It’s also gluten-free if you can believe that! I usually get a little turned off if I hear that a recipe is vegan. Hear me out, though, that I love butter and cream so very much. Don’t forget cheese. Ice cream. Yogurt. Oh, my. I need to stop. Lately, I reduce dairy in the mornings. It could be because I’m nursing. Rider doesn’t seem to have any issues at all with what I eat, but Des had a super sensitive stomach from having antibiotics after birth, so I cut out dairy for awhile with him. It didn’t solve anything, but I had to try. Something in me thought maybe I had to do that again this time, even though I didn’t have to do that last time?! I really don’t know, except that I get energized by vegan breakfasts. Usually I make a kale, berry, banana, almond milk smoothie.
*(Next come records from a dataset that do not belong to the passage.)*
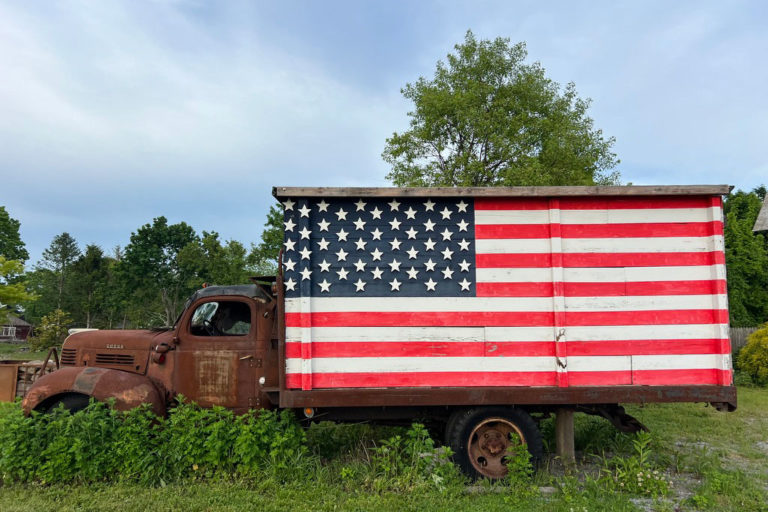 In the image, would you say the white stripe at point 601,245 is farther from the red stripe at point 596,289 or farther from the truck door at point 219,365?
the truck door at point 219,365

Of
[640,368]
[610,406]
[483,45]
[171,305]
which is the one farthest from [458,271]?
[171,305]

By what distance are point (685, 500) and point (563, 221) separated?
9.95 feet

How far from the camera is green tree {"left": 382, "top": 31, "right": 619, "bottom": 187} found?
578 inches

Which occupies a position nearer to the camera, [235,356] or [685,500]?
[685,500]

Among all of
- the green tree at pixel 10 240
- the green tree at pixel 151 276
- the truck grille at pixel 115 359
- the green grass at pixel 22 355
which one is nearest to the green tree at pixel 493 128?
the truck grille at pixel 115 359

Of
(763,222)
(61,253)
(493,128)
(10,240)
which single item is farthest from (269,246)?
(61,253)

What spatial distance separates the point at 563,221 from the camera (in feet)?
→ 16.7

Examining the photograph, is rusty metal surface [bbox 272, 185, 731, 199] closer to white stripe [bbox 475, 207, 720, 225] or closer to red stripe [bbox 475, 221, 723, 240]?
white stripe [bbox 475, 207, 720, 225]

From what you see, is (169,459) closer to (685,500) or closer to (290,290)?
(290,290)

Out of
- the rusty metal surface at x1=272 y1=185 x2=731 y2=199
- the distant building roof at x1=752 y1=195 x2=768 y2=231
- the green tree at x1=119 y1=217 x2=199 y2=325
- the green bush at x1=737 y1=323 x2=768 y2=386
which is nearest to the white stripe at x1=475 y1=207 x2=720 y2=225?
the rusty metal surface at x1=272 y1=185 x2=731 y2=199

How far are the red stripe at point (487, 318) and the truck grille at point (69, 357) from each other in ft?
9.83

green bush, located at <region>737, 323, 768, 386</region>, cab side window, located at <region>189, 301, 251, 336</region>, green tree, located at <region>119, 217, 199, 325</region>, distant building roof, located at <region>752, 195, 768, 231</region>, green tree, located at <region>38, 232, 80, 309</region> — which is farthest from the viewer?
green tree, located at <region>38, 232, 80, 309</region>

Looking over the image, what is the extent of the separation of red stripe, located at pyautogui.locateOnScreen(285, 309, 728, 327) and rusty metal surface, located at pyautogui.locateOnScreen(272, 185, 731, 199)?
4.09ft

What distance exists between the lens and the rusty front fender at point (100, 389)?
5.22 metres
Delicious Vegan Oatmeal Recipe For Winter:
Prep Time: 5 mins
Cook Time: 15 mins
Servings: 2 Servings
What You Need:
1 cup Gluten-Free Old Fashioned Rolled Oats
2 cups water (or almond milk)
½ cup almond milk (or coconut milk)
Pinch of salt
¼ cup of almond butter or sunflower butter
¼ cup of pumpkin seeds
1 orange, peeled and sliced
¼ cup of pomegranate seeds
¼ cup of mixed berries, frozen (optional)
1 Tbsp of nuts (walnuts, almonds, cashews) (optional)
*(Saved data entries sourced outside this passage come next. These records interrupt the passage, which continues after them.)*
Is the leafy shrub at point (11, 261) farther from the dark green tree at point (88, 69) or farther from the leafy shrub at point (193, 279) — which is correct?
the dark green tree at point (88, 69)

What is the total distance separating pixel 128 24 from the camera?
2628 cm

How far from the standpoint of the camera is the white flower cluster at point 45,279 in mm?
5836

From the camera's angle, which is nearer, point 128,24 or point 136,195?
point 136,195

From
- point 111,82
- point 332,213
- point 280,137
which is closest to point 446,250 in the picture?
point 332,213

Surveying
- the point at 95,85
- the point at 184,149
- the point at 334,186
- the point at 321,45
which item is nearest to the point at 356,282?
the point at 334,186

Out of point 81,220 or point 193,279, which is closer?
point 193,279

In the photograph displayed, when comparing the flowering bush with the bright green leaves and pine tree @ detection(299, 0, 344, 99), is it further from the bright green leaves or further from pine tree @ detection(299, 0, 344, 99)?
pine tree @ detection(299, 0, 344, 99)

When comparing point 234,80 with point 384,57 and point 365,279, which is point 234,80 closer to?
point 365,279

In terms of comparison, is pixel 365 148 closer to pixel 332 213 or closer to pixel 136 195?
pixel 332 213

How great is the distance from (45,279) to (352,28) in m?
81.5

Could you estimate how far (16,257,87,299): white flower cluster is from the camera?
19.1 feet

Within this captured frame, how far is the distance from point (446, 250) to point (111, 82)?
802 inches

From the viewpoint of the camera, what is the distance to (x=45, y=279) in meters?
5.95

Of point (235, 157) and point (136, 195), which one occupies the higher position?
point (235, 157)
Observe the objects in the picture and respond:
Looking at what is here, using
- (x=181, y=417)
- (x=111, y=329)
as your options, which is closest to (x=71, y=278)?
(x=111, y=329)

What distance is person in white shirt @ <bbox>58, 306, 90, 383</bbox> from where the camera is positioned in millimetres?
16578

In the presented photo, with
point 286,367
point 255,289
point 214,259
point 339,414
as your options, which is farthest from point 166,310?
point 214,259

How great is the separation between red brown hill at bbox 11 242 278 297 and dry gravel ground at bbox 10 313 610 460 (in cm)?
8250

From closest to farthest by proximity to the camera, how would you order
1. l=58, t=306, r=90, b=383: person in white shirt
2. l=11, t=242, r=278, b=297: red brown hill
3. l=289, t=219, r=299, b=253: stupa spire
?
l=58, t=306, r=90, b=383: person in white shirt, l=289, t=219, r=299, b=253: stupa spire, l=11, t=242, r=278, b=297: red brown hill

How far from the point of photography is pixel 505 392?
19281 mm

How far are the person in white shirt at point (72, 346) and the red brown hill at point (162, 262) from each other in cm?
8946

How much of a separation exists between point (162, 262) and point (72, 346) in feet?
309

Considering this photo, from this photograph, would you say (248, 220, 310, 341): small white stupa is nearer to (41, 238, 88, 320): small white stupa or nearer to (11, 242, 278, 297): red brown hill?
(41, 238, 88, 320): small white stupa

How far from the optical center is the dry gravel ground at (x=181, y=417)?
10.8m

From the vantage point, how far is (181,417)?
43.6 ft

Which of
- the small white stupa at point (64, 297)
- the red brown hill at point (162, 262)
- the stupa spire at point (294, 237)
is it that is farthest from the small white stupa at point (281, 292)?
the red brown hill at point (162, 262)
1-2 Tbsp maple syrup (optional)
What You Do:
1 – In a medium saucepan place oats, water or almond milk, and a pinch of salt.
2 – Turn the heat to medium, and bring to a boil; stir, as needed, to avoid scorching.
3 – Once boiling, turn heat to low, and let it simmer for about 15 minutes, while stirring occasionally. The oatmeal will be soft and thick and have a creamy consistency.
4 – Then, add almond butter and almond milk, stirring until incorporated.
5 – Add pomegranate seeds, pumpkin seeds, nuts, and frozen berries, or add your own favorite fall and winter toppings.
6 – And lastly, serve warm.
The fruit and almond milk will give the oatmeal a sweet flavor. However, you can add 1-2 Tbsp of maple syrup if you prefer a sweeter taste.